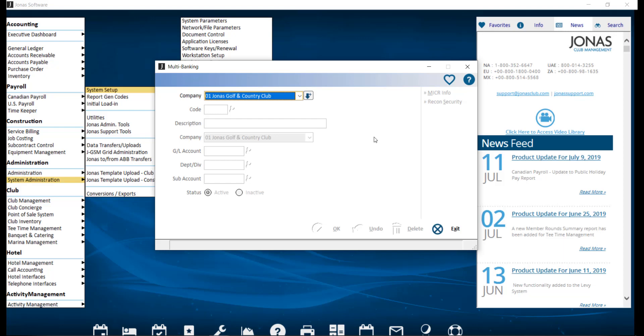If you have a separate general ledger bank account each for accounts payable and accounts receivable, you do not need to use multibanking. For those who have acquired the MICR function for checks, this is also available for use with the multibanking feature.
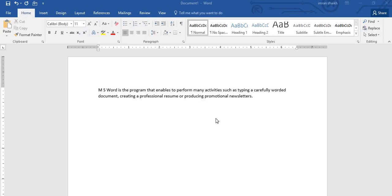Bismillahirrahmanirrahim, assalamu alaikum friends and subscribers. This is Mehmo Sheik, and from the past few video tutorials, I am working on a tutorial series of Microsoft Word 2016.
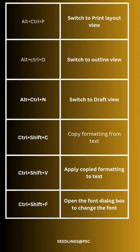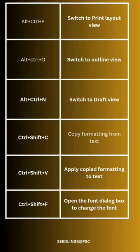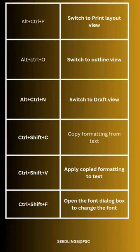Alt Ctrl P: switch to print layout view. Alt Ctrl O: switch to outline view. Alt Ctrl N: switch to draft view.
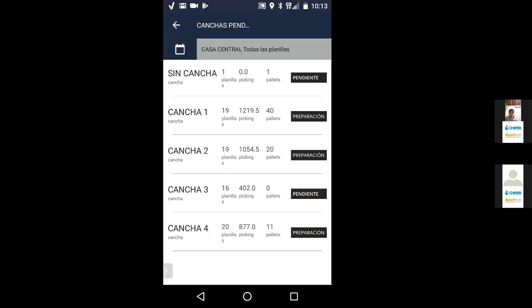Lo que estoy viendo acá es alguna planilla que tiene artículos que no pertenecen a ninguna cancha. Cancha 1, 2, 3 y 4. A continuación de cada cancha me indica cuántas planillas de carga tiene en base a los artículos que la componen, la cantidad de picking, de bultos a piquear y la cantidad de pallets. Por ejemplo, cancha 1 tiene 19 planillas, de los cuales hay que piquear 1.219 bultos y medio, y 40 pallets. Vamos a ingresar la cancha 4.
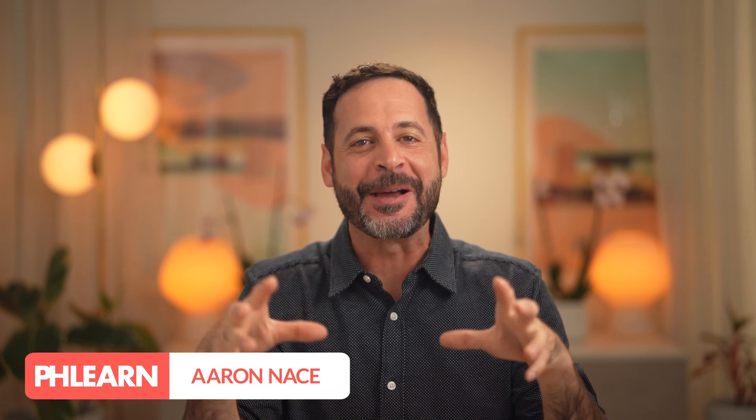Hello, my name is Aaron Nace. I am the founder of Phlearn, and I am so excited to be introducing you to 30 Days of Photoshop here in 2025.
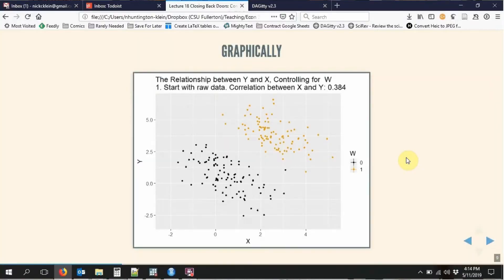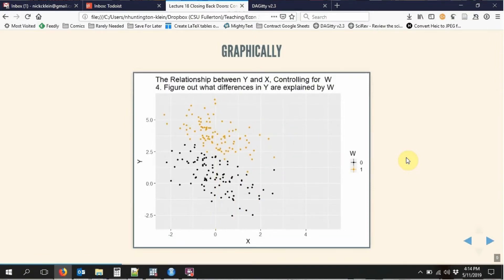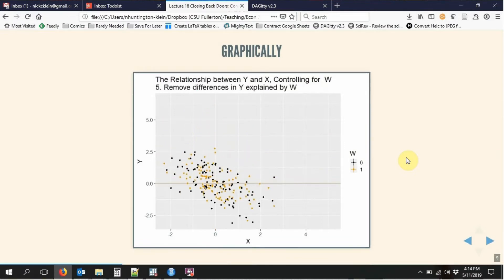We can also watch this work in real time. We start with raw data — two groups with two different values of W. We take the average of X and Y within each value of W — those are the explained parts — subtract them out, and look at the relationship of what's left over. That's what happens when you control for W. The key point is that we're taking out everything explained by W and only using what's left over, so we're comparing apples with apples. We're removing all the relationship between X and Y caused by that backdoor path through W, and by doing this we close all the backdoor paths that W is on. That's how you control for a variable.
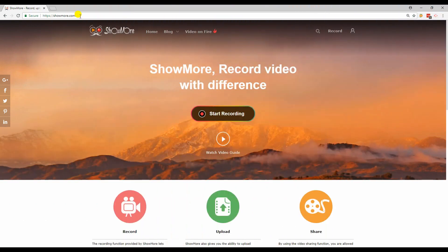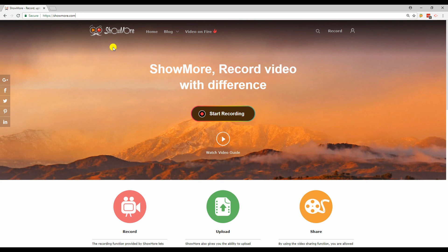First, open your web browser and go to the official website of showmore.com. Then, hit the start recording button.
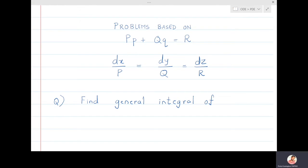In this lecture we are going to solve problems based on Lagrange's equation Pp + Qq = R, that is dx/P = dy/Q = dz/R.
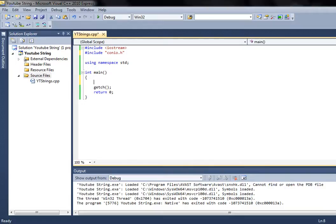Hi there and welcome to my fifth tutorial on Visual C++ 2010 Express Edition. In this tutorial I will show you how to create strings, some of the methods used with strings, and what strings represent.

══════════════════════════════

TASK BRIEF
Give back, exactly as written, the lines from the top of the material above to the line containing "Lo que estoy", both included; skip every picture.

EXERCISE OUTPUT
If you have a separate general ledger bank account each for accounts payable and accounts receivable, you do not need to use multibanking. For those who have acquired the MICR function for checks, this is also available for use with the multibanking feature.
Bismillahirrahmanirrahim, assalamu alaikum friends and subscribers. This is Mehmo Sheik, and from the past few video tutorials, I am working on a tutorial series of Microsoft Word 2016.
Alt Ctrl P: switch to print layout view. Alt Ctrl O: switch to outline view. Alt Ctrl N: switch to draft view.
Lo que estoy viendo acá es alguna planilla que tiene artículos que no pertenecen a ninguna cancha. Cancha 1, 2, 3 y 4. A continuación de cada cancha me indica cuántas planillas de carga tiene en base a los artículos que la componen, la cantidad de picking, de bultos a piquear y la cantidad de pallets. Por ejemplo, cancha 1 tiene 19 planillas, de los cuales hay que piquear 1.219 bultos y medio, y 40 pallets. Vamos a ingresar la cancha 4.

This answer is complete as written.